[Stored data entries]
┏━━
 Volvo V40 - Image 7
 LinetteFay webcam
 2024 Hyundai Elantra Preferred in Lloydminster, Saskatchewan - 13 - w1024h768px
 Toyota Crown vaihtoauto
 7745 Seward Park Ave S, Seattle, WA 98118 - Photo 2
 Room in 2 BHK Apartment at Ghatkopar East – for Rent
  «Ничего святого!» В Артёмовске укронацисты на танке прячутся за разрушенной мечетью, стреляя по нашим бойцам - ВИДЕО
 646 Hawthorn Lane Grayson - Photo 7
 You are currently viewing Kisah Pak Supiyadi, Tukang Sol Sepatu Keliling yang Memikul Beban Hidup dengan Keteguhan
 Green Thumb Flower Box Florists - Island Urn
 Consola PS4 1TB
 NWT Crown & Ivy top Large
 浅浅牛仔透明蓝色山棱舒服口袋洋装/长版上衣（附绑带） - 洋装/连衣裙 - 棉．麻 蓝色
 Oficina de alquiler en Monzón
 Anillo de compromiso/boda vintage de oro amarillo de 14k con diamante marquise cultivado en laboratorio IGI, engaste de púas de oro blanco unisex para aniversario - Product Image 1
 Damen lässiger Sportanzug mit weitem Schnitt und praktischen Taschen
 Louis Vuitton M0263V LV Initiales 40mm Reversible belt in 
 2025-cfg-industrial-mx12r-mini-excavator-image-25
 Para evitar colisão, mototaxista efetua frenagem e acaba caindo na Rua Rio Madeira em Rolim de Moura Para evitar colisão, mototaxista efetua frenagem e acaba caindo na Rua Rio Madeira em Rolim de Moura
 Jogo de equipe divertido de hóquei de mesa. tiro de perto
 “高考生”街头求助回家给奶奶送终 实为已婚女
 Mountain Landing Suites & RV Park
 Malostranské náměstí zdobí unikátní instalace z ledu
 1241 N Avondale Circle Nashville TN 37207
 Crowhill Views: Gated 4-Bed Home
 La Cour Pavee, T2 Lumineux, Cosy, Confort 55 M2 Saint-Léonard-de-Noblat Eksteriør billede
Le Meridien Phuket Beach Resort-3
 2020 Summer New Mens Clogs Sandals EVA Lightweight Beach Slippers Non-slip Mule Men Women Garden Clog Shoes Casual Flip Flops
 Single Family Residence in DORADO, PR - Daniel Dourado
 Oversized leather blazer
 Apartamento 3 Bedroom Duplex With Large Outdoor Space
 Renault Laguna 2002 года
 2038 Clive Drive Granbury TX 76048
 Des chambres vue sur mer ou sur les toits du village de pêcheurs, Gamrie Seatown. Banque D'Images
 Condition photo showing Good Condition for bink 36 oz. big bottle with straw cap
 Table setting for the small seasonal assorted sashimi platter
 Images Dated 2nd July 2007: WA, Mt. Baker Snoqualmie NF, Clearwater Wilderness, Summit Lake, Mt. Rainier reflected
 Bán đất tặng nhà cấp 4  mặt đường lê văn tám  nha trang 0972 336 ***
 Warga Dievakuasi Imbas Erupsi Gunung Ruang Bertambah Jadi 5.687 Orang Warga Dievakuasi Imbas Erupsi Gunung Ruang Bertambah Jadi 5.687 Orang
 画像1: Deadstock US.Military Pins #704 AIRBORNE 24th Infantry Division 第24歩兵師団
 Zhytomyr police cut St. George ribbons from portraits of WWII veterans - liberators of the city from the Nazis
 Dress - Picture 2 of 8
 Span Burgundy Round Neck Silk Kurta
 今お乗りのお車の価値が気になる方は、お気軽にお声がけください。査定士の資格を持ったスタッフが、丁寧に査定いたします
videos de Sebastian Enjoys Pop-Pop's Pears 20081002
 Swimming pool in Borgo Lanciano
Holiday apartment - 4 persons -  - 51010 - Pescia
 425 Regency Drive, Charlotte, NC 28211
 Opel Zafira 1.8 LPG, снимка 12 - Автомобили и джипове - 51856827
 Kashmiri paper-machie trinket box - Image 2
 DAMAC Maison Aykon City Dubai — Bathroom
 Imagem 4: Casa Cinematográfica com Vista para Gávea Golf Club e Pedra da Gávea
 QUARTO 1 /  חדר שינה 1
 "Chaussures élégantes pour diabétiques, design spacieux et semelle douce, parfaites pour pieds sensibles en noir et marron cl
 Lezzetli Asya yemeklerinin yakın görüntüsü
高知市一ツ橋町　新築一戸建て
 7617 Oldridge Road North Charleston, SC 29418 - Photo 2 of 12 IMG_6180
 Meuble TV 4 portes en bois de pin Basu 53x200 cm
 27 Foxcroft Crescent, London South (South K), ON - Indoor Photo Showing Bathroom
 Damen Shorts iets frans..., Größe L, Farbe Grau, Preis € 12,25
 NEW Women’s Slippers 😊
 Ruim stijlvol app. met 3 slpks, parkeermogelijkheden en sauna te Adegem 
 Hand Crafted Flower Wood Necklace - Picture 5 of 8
┗━━
*WORK INSTRUCTION*:
Could you return exactly the stretch of the data above that starts at the line with "LinetteFay webcam" and ends at the line with "Le Meridien Phuket Beach Resort-3", both lines included?

*OUTPUT BELOW*:
 LinetteFay webcam
 2024 Hyundai Elantra Preferred in Lloydminster, Saskatchewan - 13 - w1024h768px
 Toyota Crown vaihtoauto
 7745 Seward Park Ave S, Seattle, WA 98118 - Photo 2
 Room in 2 BHK Apartment at Ghatkopar East – for Rent
  «Ничего святого!» В Артёмовске укронацисты на танке прячутся за разрушенной мечетью, стреляя по нашим бойцам - ВИДЕО
 646 Hawthorn Lane Grayson - Photo 7
 You are currently viewing Kisah Pak Supiyadi, Tukang Sol Sepatu Keliling yang Memikul Beban Hidup dengan Keteguhan
 Green Thumb Flower Box Florists - Island Urn
 Consola PS4 1TB
 NWT Crown & Ivy top Large
 浅浅牛仔透明蓝色山棱舒服口袋洋装/长版上衣（附绑带） - 洋装/连衣裙 - 棉．麻 蓝色
 Oficina de alquiler en Monzón
 Anillo de compromiso/boda vintage de oro amarillo de 14k con diamante marquise cultivado en laboratorio IGI, engaste de púas de oro blanco unisex para aniversario - Product Image 1
 Damen lässiger Sportanzug mit weitem Schnitt und praktischen Taschen
 Louis Vuitton M0263V LV Initiales 40mm Reversible belt in 
 2025-cfg-industrial-mx12r-mini-excavator-image-25
 Para evitar colisão, mototaxista efetua frenagem e acaba caindo na Rua Rio Madeira em Rolim de Moura Para evitar colisão, mototaxista efetua frenagem e acaba caindo na Rua Rio Madeira em Rolim de Moura
 Jogo de equipe divertido de hóquei de mesa. tiro de perto
 “高考生”街头求助回家给奶奶送终 实为已婚女
 Mountain Landing Suites & RV Park
 Malostranské náměstí zdobí unikátní instalace z ledu
 1241 N Avondale Circle Nashville TN 37207
 Crowhill Views: Gated 4-Bed Home
 La Cour Pavee, T2 Lumineux, Cosy, Confort 55 M2 Saint-Léonard-de-Noblat Eksteriør billede
Le Meridien Phuket Beach Resort-3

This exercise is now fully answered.